Out-of-Distribution Generalization:
- Evaluation on TruthfulQA indicates a substantial increase in truthfulness metrics when models trained on TriviaQA are tested, suggesting robust generalization capabilities.

Implications

The paper's findings have significant theoretical and practical implications:

Theoretical Implications:

The paper confirms that incorporating pragmatic listener models can effectively bridge the gap between LLM expressed confidence and true knowledge. This extends the understanding of how multi-agent systems and preference optimization can enhance the reliability of conversational agents.

Practical Implications:

Practically, the adoption of LACIE can improve user trust and system safety by reducing the likelihood of users being misled by overconfident LLMs.
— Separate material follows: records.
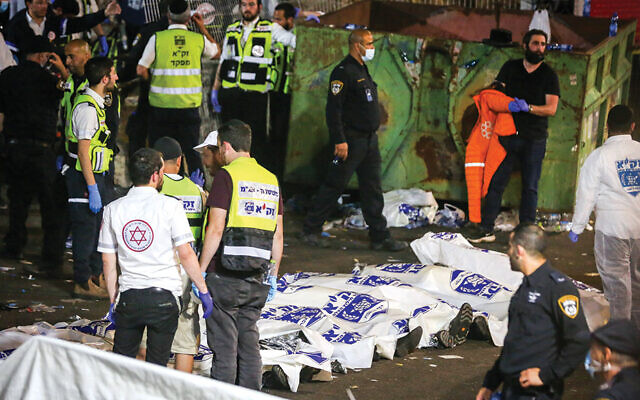 Israeli rescue forces and police at the scene after the deadly events during the celebration of Lag b’Omer on Mount Meron, in northern Israel, on April 30, 2021. (David Cohen/Flash90)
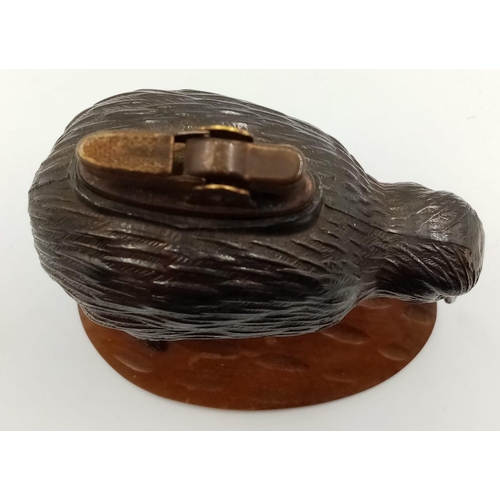 1185 - An Early Rare and Unusual Kiwi Bird Figurine Table Lighter. Patinated metal decoration on a wood bas... 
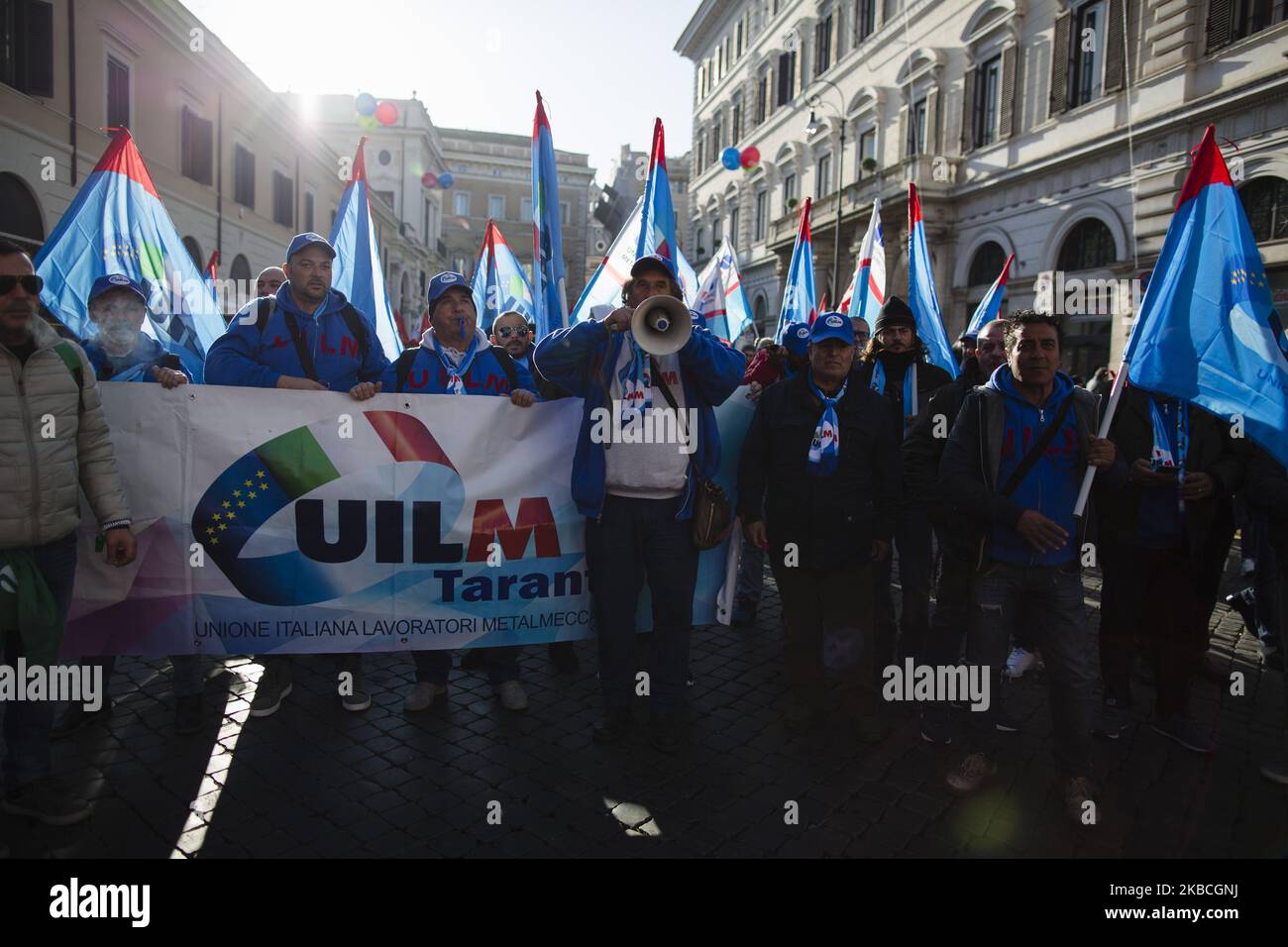 Hundreds of Ilva workers from Taranto protest in Piazza Santi Apostoli in Rome, Italy, on December 10, 2019.Workers from the FIOM metalworkers union joined other workers and unions from all sectors coming from all over Italy against the industrial crisis and the closure of factories as the Italian government is negotiating a new plan with the world's biggest steelmaker ArcelorMittal to save the Taranto steel plant. (Photo by Christian Minelli/NurPhoto) Stock Photo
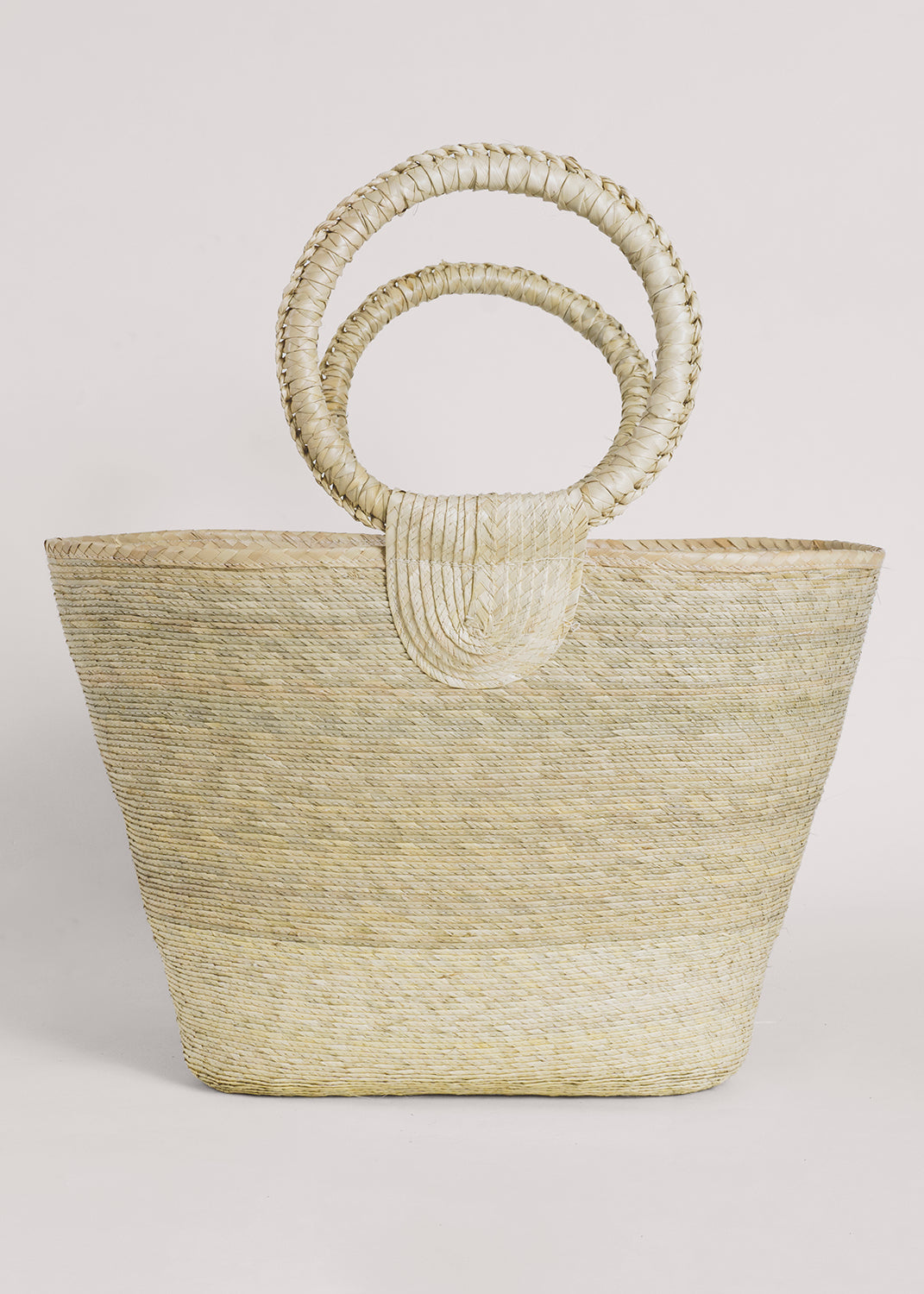 Rosita Palm Straw Tote: Hand-woven, light palm fiber tote bag with circular handles.
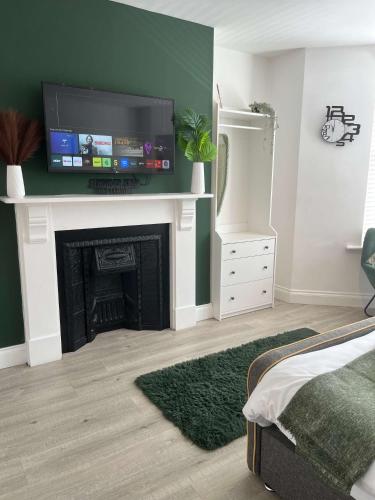 a living room with a fireplace with a flat screen tv at 1st Floor 1 Bed Studio in Weston-super-Mare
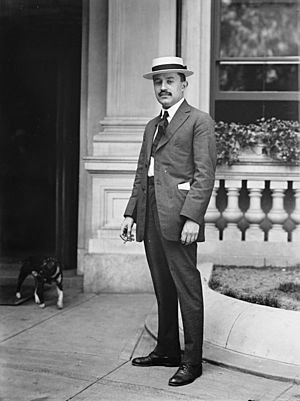 A black-and-white portrait of a formally&dressed young man with a short, black mustache wearing a light-colored hat, white shirt, a light-colored suit, a dark tie, and dark shoes. The man is outside a building from which a dog is coming out.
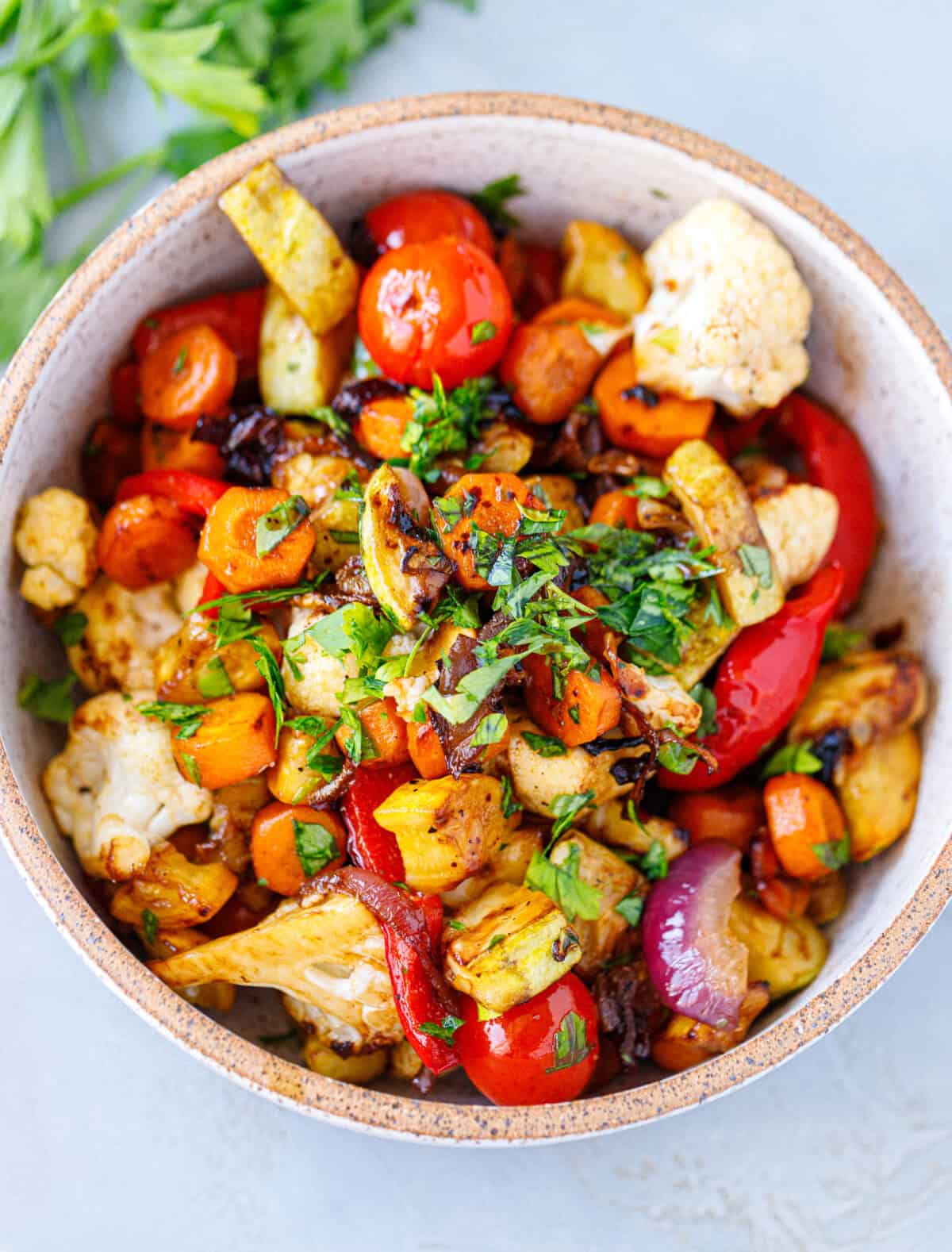 Overhead bowl of grilled vegetables with balsamic, topped with chopped fresh parsley and basil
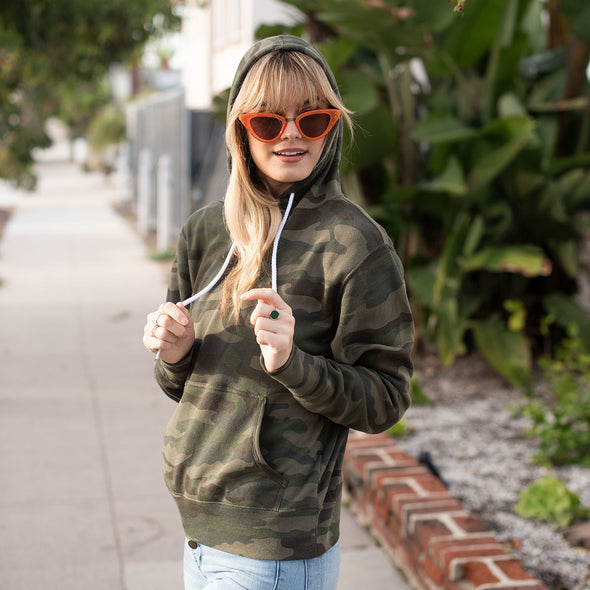 A woman poses in a green camouflage pullover hoodie with the hood on.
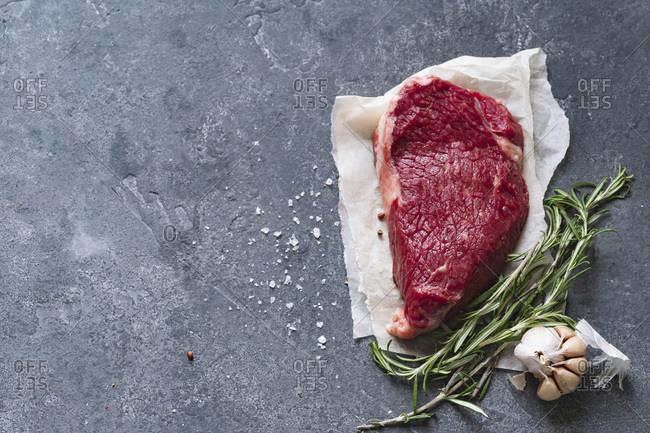 Raw black angus prime beef steak variety with rosemary, sea salt and spices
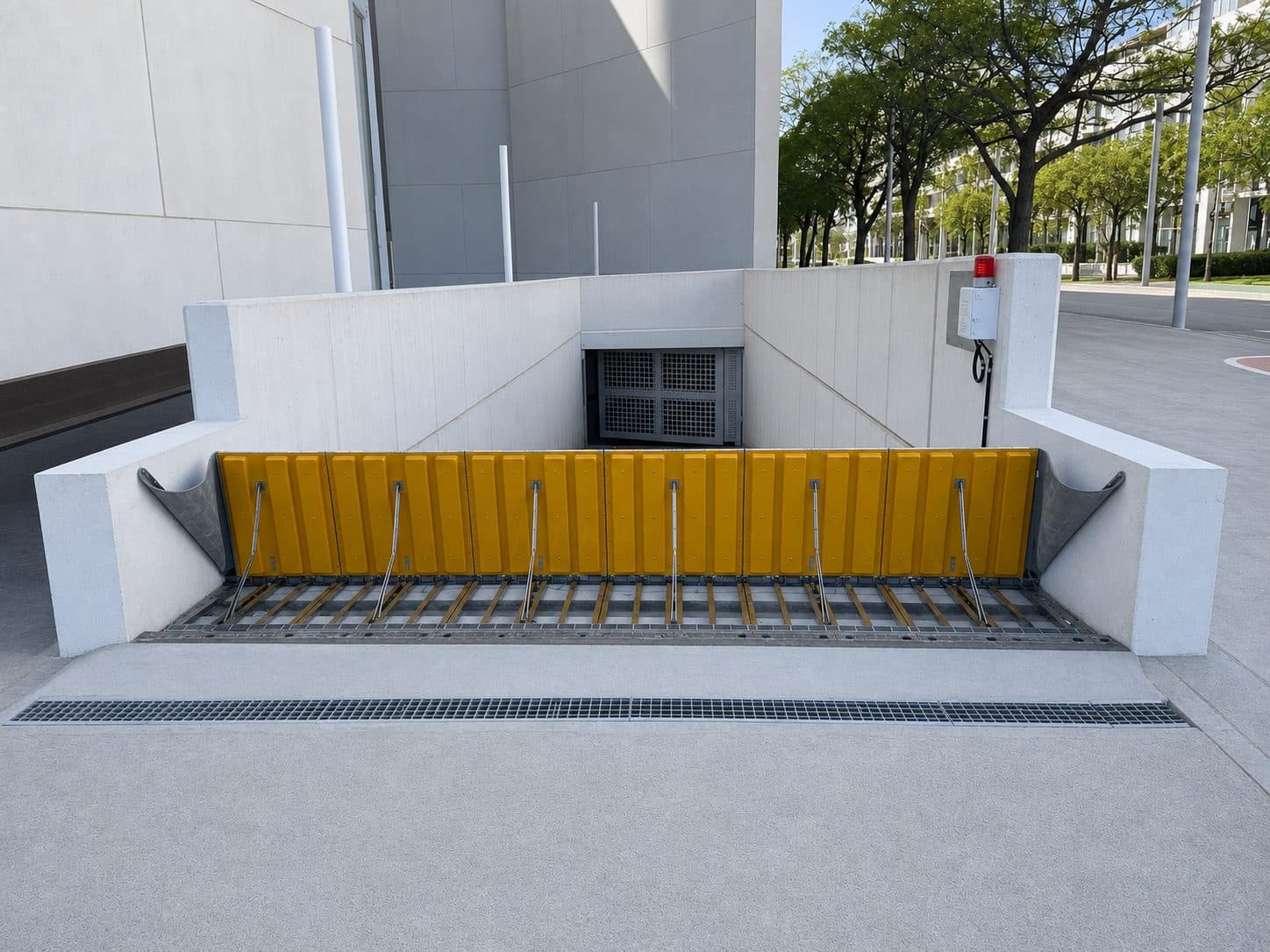 Hydrodynamic passive flood barrier at an underground parking entrance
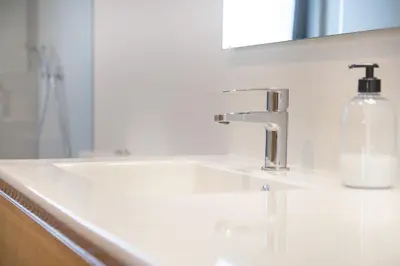 a white bathroom sink with a soap bottle on it at Casa Folgoso in Santiago de Compostela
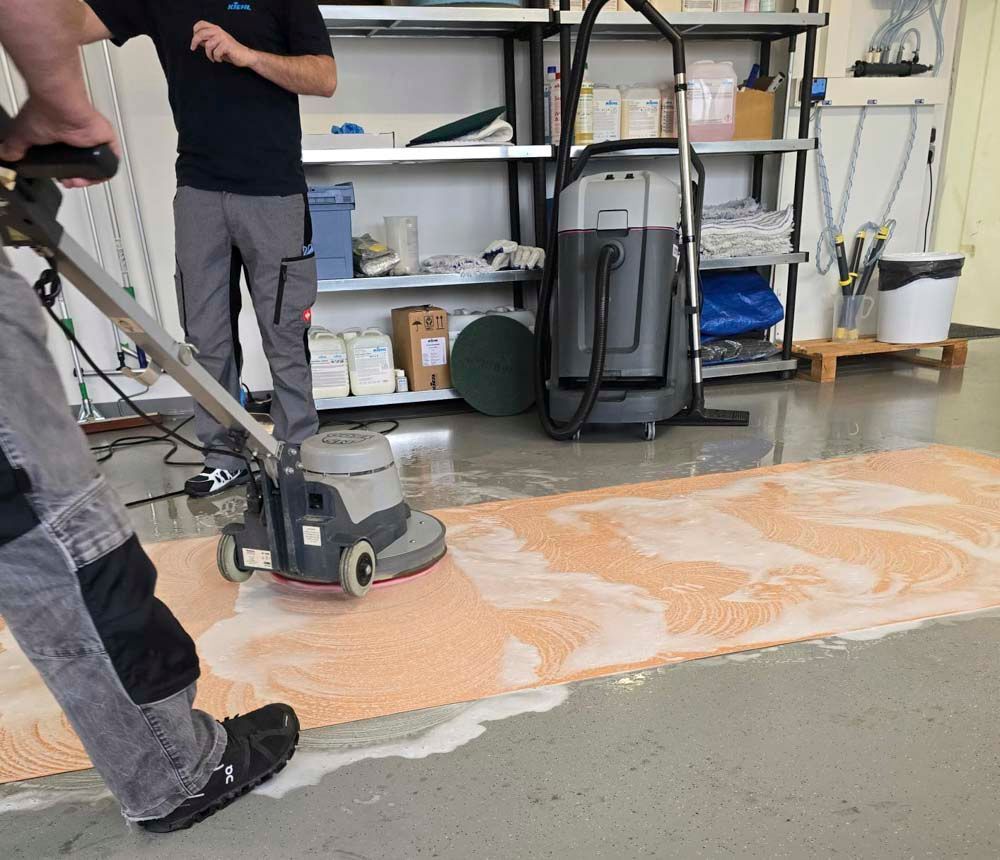 Ein Mann poliert mit einer Maschine einen Teppich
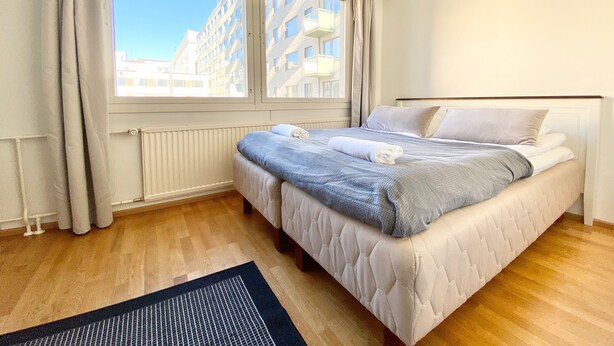 Ein Schlafzimmer mit großem Fenster, einem Bett mit Daunendecke und Kissen sowie Holzboden.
Enhanced calibration can lead to more transparent and reliable AI systems, particularly in applications requiring high-stakes decision-making.

Future Directions

While LACIE represents a significant advancement, several future directions are worth exploring:

Integrating even more sophisticated listener models tailored to specific domains and use-cases.
Extending the method to cover a broader range of contexts, including dialogue systems and interactive agents.
Investigating methods to balance calibration with other conversational qualities such as politeness and engagement.

In summary, the paper "LACIE: Listener-Aware Finetuning for Confidence Calibration in LLMs" presents a promising approach to enhancing the trustworthiness and reliability of LLMs. By aligning expressed confidence with actual correctness through innovative multi-agent optimization, LACIE sets a new direction for developing more pragmatic and user-aligned AI systems.